THE debate over Brexit isn’t about Brexit anymore. It’s about democratic accountability and the limits of referenda in modern politics.
They are, bluntly, a fad. There is no stipulation or law that mandates their results be taken as gospel nor a limit as to how many ones you can have. According to the House of Lords Constitution Committee, referendums “cannot be legally binding in the UK, and are therefore advisory.”
Why then, are they taken as sacrosanct? Brexit is the result of a flawed and convenient philosophy. Theresa May refuses – as does Jeremy Corbyn – to hold any future referenda on Britain’s relationship with the EU. If Brexit is accepted in principle, then it surely follows that another referendum should be held on the practical details of any treaty arranged with the EU?
Since 1973 there have been national referendums held in 1975, 2011 and most recently in 2016. The Conservative Party under Edward Heath took the UK into the European Communities in 1973. In 1975, two and a half years after entering, it was Labour Prime Minister Harold Wilson who held a referendum in 1975 on continuing membership.
In the present day, it is morally and politically heinous for the Conservative and Labour leadership to refuse to support calls for a vote on the terms of the Brexit deal. If a referendum was held after entering in European Communities in 1975, when then can a vote not be held two years after leaving the EU in 2022?
This is unlikely, not least because Mrs May is the same prime minister who had to be publically shamed into letting Parliament have a say on Article 50 at all. She also is the same leader who made a £1 billion deal with the DUP to stay in power after the calamitous 2017 general election and shockingly refused to have a vote on the Syrian bombing campaign in April. It is fiercely improbable that she will loosen her grip on executive privilege.
The uncodified nature of the British constitution has never been so brazenly indulged for such political purposes. Mrs May has taken one look at the failures of her immediate predecessor and done the opposite. David Cameron gambled and lost the first Syrian vote in 2013 and failed when honouring his own manifesto pledge to allow an EU referendum in 2016.
Parliamentary authority and the supremacy of the House of Commons simply do not apply to the current First Lord of the Treasury, and it is perhaps long overdue Theresa May is called out on it.

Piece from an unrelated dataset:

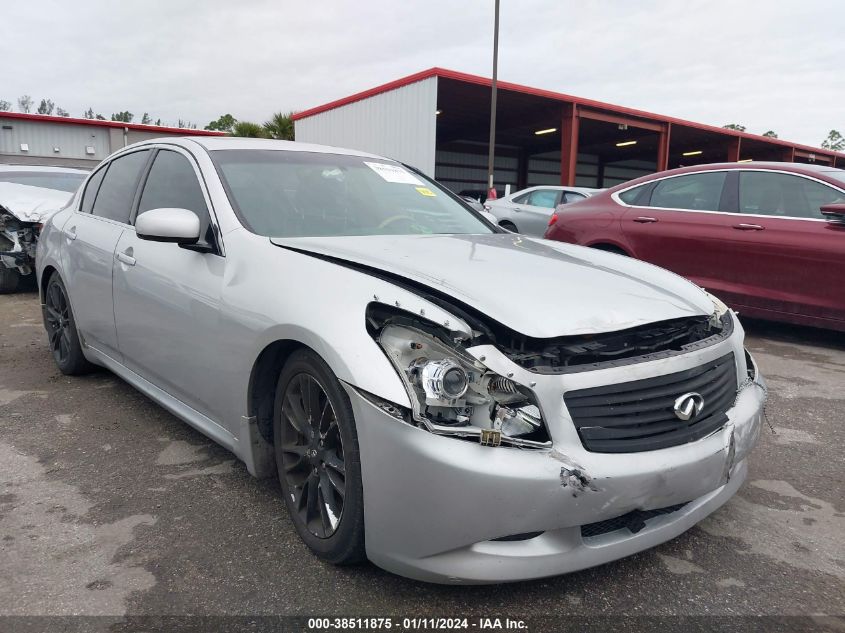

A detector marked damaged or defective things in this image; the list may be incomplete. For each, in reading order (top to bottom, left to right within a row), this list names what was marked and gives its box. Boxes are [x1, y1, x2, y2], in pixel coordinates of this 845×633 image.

crumpled hood [0, 181, 71, 223]
crumpled hood [268, 232, 712, 338]
damaged silver infiniti g35 [36, 138, 768, 584]
cracked headlight [378, 324, 552, 446]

Worse still, the official Labour Opposition stands for nothing. It represents nothing. All it seems to do is indulge the whims of its leader and has yet to form a coherent policy strategy with regards to the European Union and Brexit. Jeremy Corbyn has been anti-EU for all of his political life, but cannot rise to the responsibilities of his position and duly place democratic accountability and government scrutiny first. That job has been left to his own backbenchers, some of whom are working tirelessly across party-lines to bring about a ‘People’s Vote’ on any final EU deal.

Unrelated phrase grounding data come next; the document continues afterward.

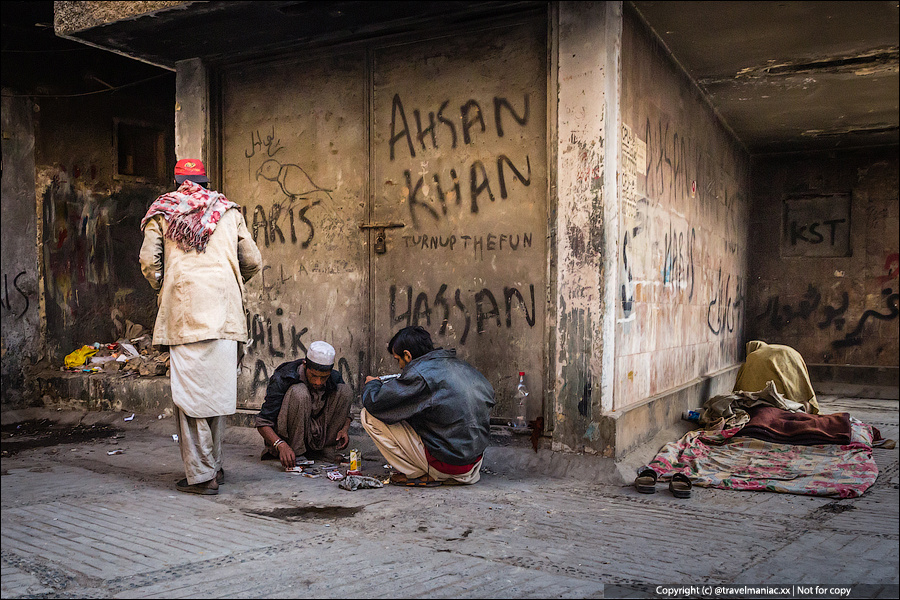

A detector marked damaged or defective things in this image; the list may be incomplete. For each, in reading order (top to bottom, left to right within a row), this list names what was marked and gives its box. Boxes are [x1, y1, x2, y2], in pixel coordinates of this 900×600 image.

peeling plaster wall [1, 95, 41, 404]
peeling plaster wall [33, 89, 174, 360]
rusty metal door panel [220, 54, 368, 408]
rusty metal door panel [370, 21, 548, 420]
peeling plaster wall [620, 5, 752, 412]
peeling plaster wall [748, 148, 896, 368]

One can only look on in disbelief at the level of hypocrisy and fear that the UK government has towards its own people. The ghost of Tory Christmas past is finally close to being exorcised, and Mrs May will not leave the Brexit victory to chance. That the Conservatives refuse to consult on the terms of the final agreement or provide a conditional period of withdrawal subject to a further referendum is a damning indictment of how the government fears democracy.

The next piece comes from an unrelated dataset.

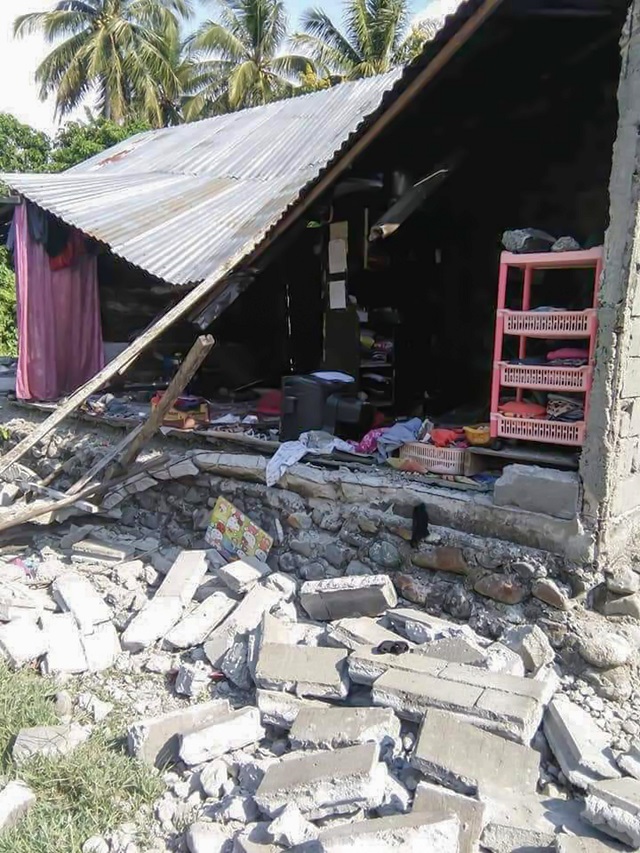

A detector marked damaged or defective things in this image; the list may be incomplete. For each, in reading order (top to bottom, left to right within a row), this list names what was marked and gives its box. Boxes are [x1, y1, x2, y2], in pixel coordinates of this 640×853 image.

damaged house interior [0, 0, 632, 552]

It is nothing less than the betrayal of a generation. Certainly, it hangs the 1.4 million Britons in Europe out to dry with no democratic recourse left to them. Brexit is only a symptom of a government, and system, which cannot be compelled to act democratically. Such a calamitous mistake as ignoring the British public is an unforgivable sin against the soul of British democracy and will come back to haunt those responsible.